[Short web captions]
>>>>

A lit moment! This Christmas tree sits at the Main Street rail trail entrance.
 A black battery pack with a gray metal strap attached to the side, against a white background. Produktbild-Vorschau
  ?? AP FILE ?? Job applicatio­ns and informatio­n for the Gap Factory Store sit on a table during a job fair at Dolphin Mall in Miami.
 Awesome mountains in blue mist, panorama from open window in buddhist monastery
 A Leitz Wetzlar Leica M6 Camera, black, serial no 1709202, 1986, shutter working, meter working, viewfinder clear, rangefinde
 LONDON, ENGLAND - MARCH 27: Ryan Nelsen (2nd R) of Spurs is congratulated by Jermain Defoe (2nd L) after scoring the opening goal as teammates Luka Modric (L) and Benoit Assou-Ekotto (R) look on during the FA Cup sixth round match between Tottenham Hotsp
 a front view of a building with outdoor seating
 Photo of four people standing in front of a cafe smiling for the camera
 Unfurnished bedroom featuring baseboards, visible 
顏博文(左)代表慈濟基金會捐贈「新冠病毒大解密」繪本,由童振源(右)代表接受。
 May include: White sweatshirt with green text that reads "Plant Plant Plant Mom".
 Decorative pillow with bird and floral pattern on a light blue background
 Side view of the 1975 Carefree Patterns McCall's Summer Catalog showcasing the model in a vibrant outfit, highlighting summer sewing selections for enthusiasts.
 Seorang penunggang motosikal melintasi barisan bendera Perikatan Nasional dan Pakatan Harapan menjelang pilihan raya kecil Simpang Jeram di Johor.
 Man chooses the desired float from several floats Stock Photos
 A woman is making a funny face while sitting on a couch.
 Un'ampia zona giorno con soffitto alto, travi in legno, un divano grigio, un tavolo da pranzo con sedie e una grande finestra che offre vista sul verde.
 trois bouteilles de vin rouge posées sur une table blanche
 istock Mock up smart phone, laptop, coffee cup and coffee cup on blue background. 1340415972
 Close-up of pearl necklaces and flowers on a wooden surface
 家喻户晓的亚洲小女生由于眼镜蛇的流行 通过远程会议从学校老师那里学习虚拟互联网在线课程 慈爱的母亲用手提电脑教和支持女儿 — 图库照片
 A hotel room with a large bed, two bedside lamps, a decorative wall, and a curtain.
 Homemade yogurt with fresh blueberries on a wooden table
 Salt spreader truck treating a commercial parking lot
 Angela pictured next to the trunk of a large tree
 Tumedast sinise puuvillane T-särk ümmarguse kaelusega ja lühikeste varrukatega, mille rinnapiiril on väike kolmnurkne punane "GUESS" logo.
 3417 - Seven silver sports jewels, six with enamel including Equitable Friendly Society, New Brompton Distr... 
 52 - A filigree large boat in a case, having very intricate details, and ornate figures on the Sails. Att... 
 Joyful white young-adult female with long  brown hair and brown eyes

<<<<

● **WHAT IS BEING ASKED**
Starting at the line that has "Man chooses the" in the records above, restate word for word every line until the one that has "trois bouteilles de", and include that one as well.

● **RESULT FOR THIS EXERCISE**
 Man chooses the desired float from several floats Stock Photos
 A woman is making a funny face while sitting on a couch.
 Un'ampia zona giorno con soffitto alto, travi in legno, un divano grigio, un tavolo da pranzo con sedie e una grande finestra che offre vista sul verde.
 trois bouteilles de vin rouge posées sur une table blanche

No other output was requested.